By Andres Schipani
BBC News, La Paz
Many Bolivians admit they struggle to be on time
In almost any city, anywhere in the world, you could find yourself stuck in a traffic jam from 0700 to 0900.
But not in La Paz in Bolivia - 9am is when rush hour really starts.
People begin heading to work then, even if they were supposed to be at their office or factory 30 minutes or even an hour earlier.
This chronic lateness is the result of what is known as "Bolivian time" which the government is now aiming to tackle with bonuses for punctual workers.
Samuel Mendoza, a taxi driver in La Paz, considers himself a Bolivian exception. Because he works mainly with foreigners, he says, he is forced to be on time.

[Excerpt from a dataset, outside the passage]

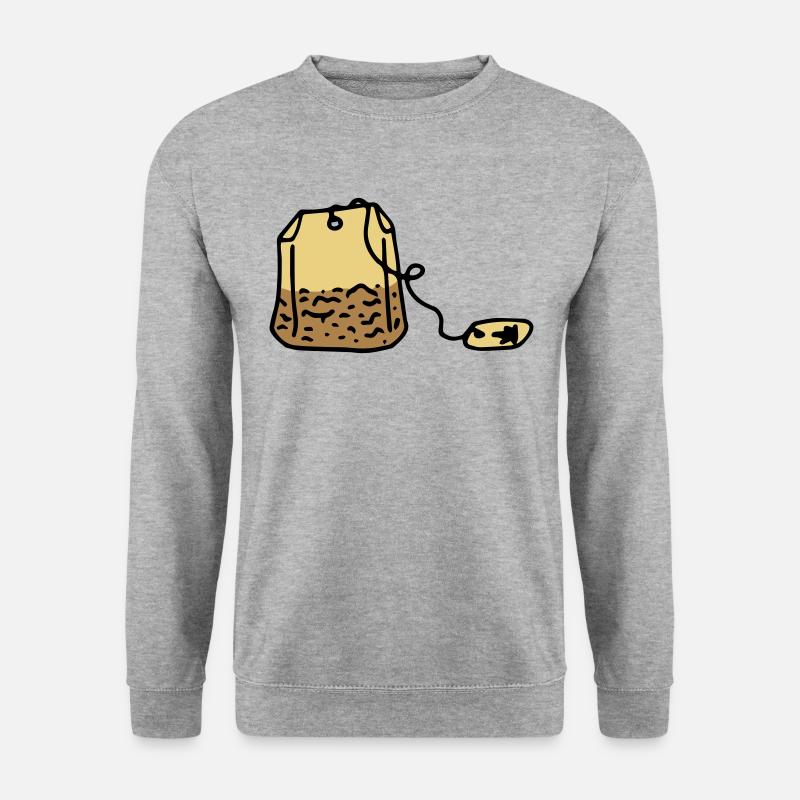 Tee Teebeutel Teetrinker Tea time - Unisex Pullover - Weißgrau meliert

Taxi driver Samuel Mendoza has got used to being on time
Mr Mendoza knows his compatriots well. Most Bolivians, he explains, take being late as part of their duty.
"Bolivians are really irresponsible, there is no culture of punctuality here, they don't arrive on time to work or anywhere else, it seems they don't wear a watch on their wrist," he says.
"It is just something very Bolivian."
Indeed it is. In Bolivia, if you are told to meet somebody at a certain time, it is quite likely that the person will show up 30 minutes late - if you are lucky.
But the Bolivian government thinks things should change. It is working on a labour reform that, among other things, aims to break this national habit of arriving late for everything, from work to meetings to dates.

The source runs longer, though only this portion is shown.